There are many urban myths around about the
difficulties involved in stopping smoking that contribute
to the anxiety and subsequent delay in seeking help to
quit. The problem is further exacerbated by a poor
understanding of the real basis of the addiction and the
frenzied marketing of inappropriate tools to help the
smoker stop. Smoking and Stop Smoking are two multi-
billion industries that benefit from hyping the difficulty
of quitting.

Here we discuss some of the most common myths and
misunderstandings and offer a more useful in depth
understanding of the problem and suggest a direction for
a successful solution.

Myth 1: Nicotine is Highly Addictive
Nicotine is a mildly addictive substance, and any
withdrawal symptoms are nothing more than a mild
anxiety that lasts for about four days.
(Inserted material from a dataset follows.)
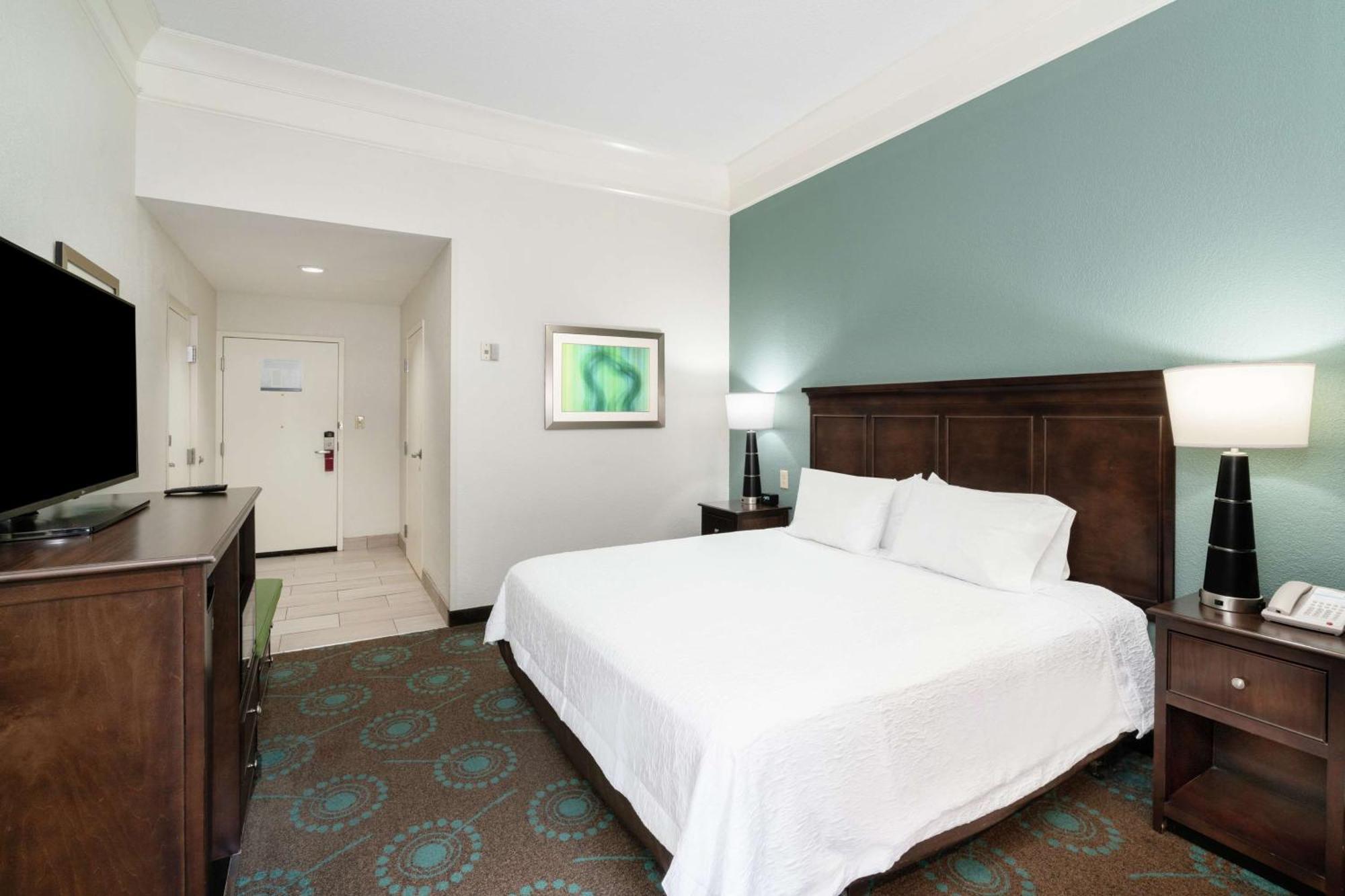 King Room Mobility and Hearing Access/Non-Smoking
If nicotine was
highly addictive, non-smoking family members of
smokers would also suffer strong withdrawal symptoms.
They too inhale enough nicotine passively to have an
addictive effect, yet they are rarely aware of any
withdrawal symptoms when they move to a non-smoking
environment.
This is because they have no emotional association to
smoking. Similarly people who work in smoky places
have levels of nicotine in their blood high enough to
cause an addiction, but they don't need to smoke when
they get home, because they have no mental association
with smoking relieving the mild nicotine-induced
symptoms.
The symptoms often referred to as nicotine withdrawal
symptoms are associated with levels of anxiety and fear
that the addictive behaviour is used to cover. When the
cover is removed the underlying anxiety is exposed. The
smoking has been masking the underlying anxiety.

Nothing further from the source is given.